How We Survived 'The Death of The Print Industry'
Over the past several years, I have heard plenty about the death of the print industry and how the world of media and advertising will shift totally to the digital world — basically saying to a publisher: “Fold your tent and throw in the towel.” I’m sorry, but that memo never made it to the desks of the employees at Rowland Publishing.
Our team successfully navigated the Great Recession and the second tsunami of economic turmoil that hit our footprint — the perceived drizzle of BP oil on Gulf Coast beaches, which devastated the region’s tourism industry and made it even more challenging for our sales team to meet its goals and the business community to maintain stability. But our team of publishing professionals made the necessary adjustments to our company and their personal playbooks to stay focused, keeping their eye on the horizon and not complaining, just doing their absolute best job every day. Taking on a negative attitude was definitely NOT an option for this squad.
The media world has drastically changed in the past 25 years. Back then, the Internet had not been invented. The car phone industry was just developing, and words like Facebook, Twitter, Pinterest and blog had not been spoken. Newspapers, radio and TV were still the primary source of breaking news, and there was no such thing as a “smart” phone. All we could do then with a phone was make telephone calls.

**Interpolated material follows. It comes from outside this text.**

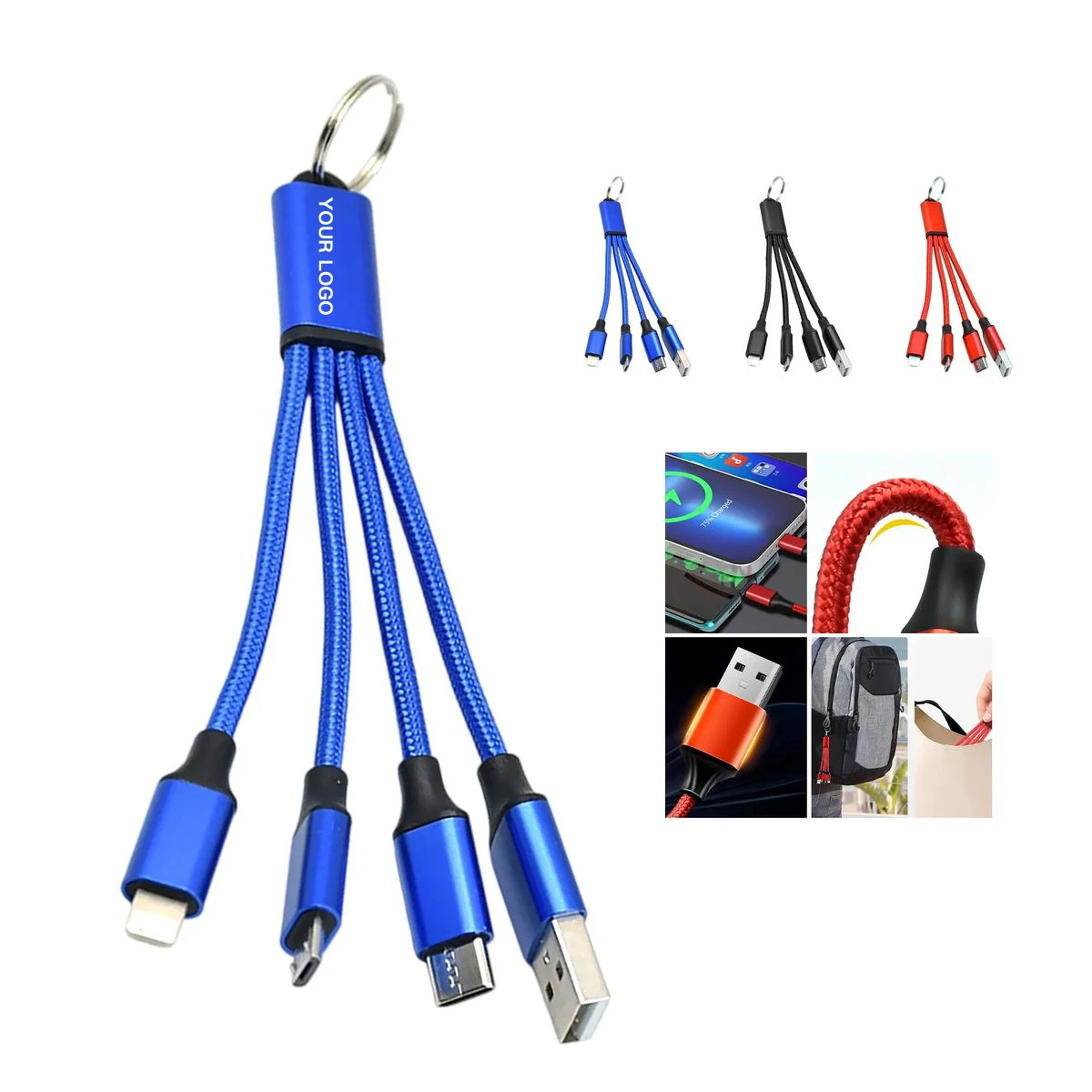 Multi Device Keychain Charging Cable with Connectors 1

When the recession hit, “traditional” media, with its high operational costs, was hit hard when advertising dollars dried up. Digital news outlets grew, and predictions of the death of print were widespread. Yet at Rowland Publishing, we were deaf to that death knell.
Since the economy began to tank in 2008, we have launched five new titles, including 850, Northwest Florida Weddings and Honeymoon Destinations, Sandestin Living and the Tallahassee Medical Resource Directory. We now have a department that plans and runs six annual events, and we have committed ourselves to the digital era with a three-member digital media department. And all the while, we have grown the page counts of our magazines — Tallahassee Magazine by 38 percent and our other titles by between 8 and 10 percent. The company, meanwhile, has grown from 24 to 39 employees strong.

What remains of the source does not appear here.